Hometown: Laurel, Md.

Career Plans: Public Defender, New York County Defender Services

Recipient of the Lark-Barranco Scholarship

 

Why did you decide to come to Brooklyn Law School?
I wanted to go to a small school that would feel like I actually mattered, rather than a big school where I would feel like a number. It sounds cliché, but it’s actually true of Brooklyn Law School. Faculty and staff are personally invested in your success, and it makes the three years much more doable.

What is the most surprising thing you learned at Brooklyn Law School?
That the Constitution doesn’t protect everything people think it does, and that prison abolition— the movement to make structural changes to our criminal justice system to reduce and eliminate prisons—is not only a good idea, but a possibility.

What law school accomplishment are you most proud of?
I’m most proud of my mock trial team making it to the National round for the Texas Young Lawyers Association’s trial competition during my second year.

What is your most memorable law school moment?
Winning Best Advocate at my first law school mock trial competition as a second semester 1L competing for the Black Law Students Association.

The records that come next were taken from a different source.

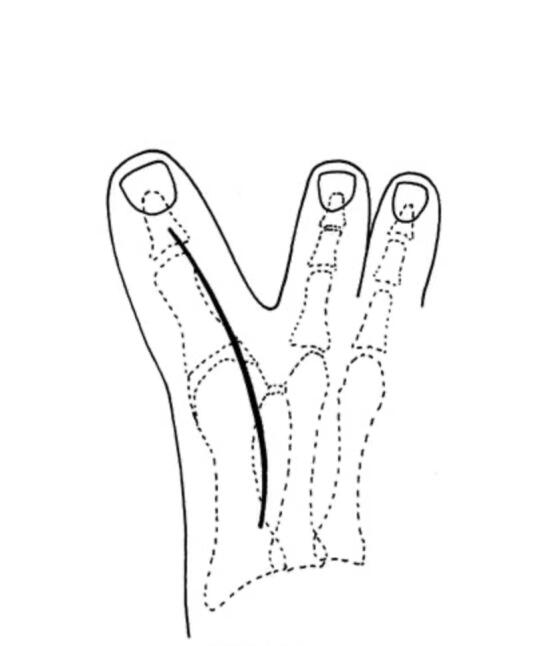 关于拇内翻（下）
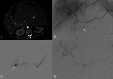 Fig 2 –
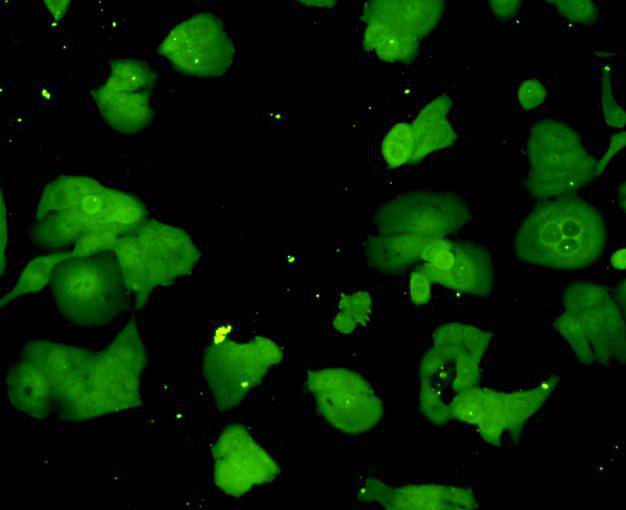 ICC staining Ubiquitin in Hela cells (green).  Cells were fixed in paraformaldehyde, permeabilised with 0.25% Triton X100/PBS.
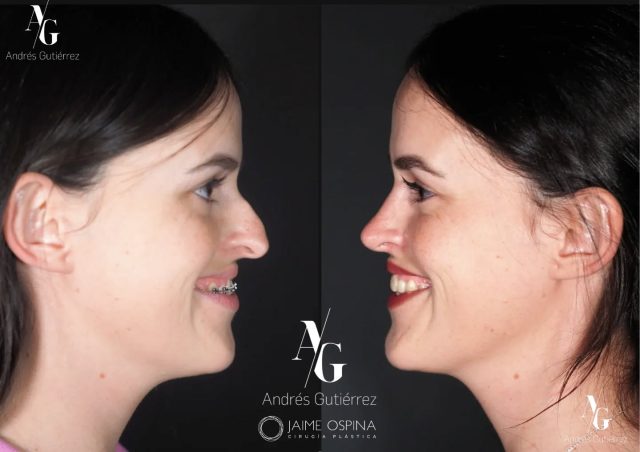 📸 Resultado a los 7 meses ✨
Hoy comparto la evolución de este caso tras una Rinoplastia Ultrasónica Estructural + Radiofrecuencia de Cornetes Inferiores + Septoplastia, combinada con tratamiento de Ortodoncia para lograr una armonía facial más completa y una mejor función respiratoria.
🔹 Antes: desviación septal, alteración valvular interna, laterorrinia y una nariz a tensión que afectaban tanto la estética como la respiración.
🔹 Después de 7 meses: mejoría estructural, válvulas más estables y un perfil más equilibrado. La ortodoncia potenció el resultado final, optimizando la relación entre labios, sonrisa y nariz.
°
°
Equipo quirúrgico:
@drjaimeospina
@andresgutierrez.dr
°
°
#rinoplastia #rinoplastiaultrasonica #ultrasonicrhinoplasty
#rhinoplasty #cirugiadenariz #nosejob #cirugiaplasticafacial #facialplasticsurgery #resultadosnaturales #antesydespues #beforeandafter #nosesurgery #rhinoplastybeforeandafter #rhinoplastyspecialist #topdoc #aesthetic #rinoplasti #estetik #estetikburun #burunestitigi #nose #nasen #newnose #cirugiaplastica #chirurgiaplastica #chirurgieplastique #rhinoplastie #rinoplastica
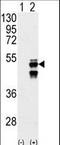 Protein Phosphatase, Mg2+/Mn2+ Dependent 1F antibody, LS-C101051, Lifespan Biosciences, Western Blot image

If you could come back and teach a class here, any class, one we have or one of your own invention, what would it be?
My long-term goal is to come back to Brooklyn and teach Trial Advocacy to 2Ls once I’m an accomplished trial litigator.

What advice would you give to an incoming law student?
Take stock of the people in your support system and ask them to be patient with you for the next three years. You are going to need them.

Your last semester of law school was disrupted by a global pandemic, with New York City at the epicenter. What was the biggest challenge you faced and how did you deal with it?
It was definitely hard to adjust to online classes but I found I was able to do it with a little more diligence. On larger scale, the unfolding pandemic in New York, and its disparate impact on people of color, as well as the resurgence of the Black Lives Matter Movement and the daily protests in Brooklyn, ignited within me a political transformation. I am now more determined than ever to use my legal education to do the critical work of creating a truly just and equitable system.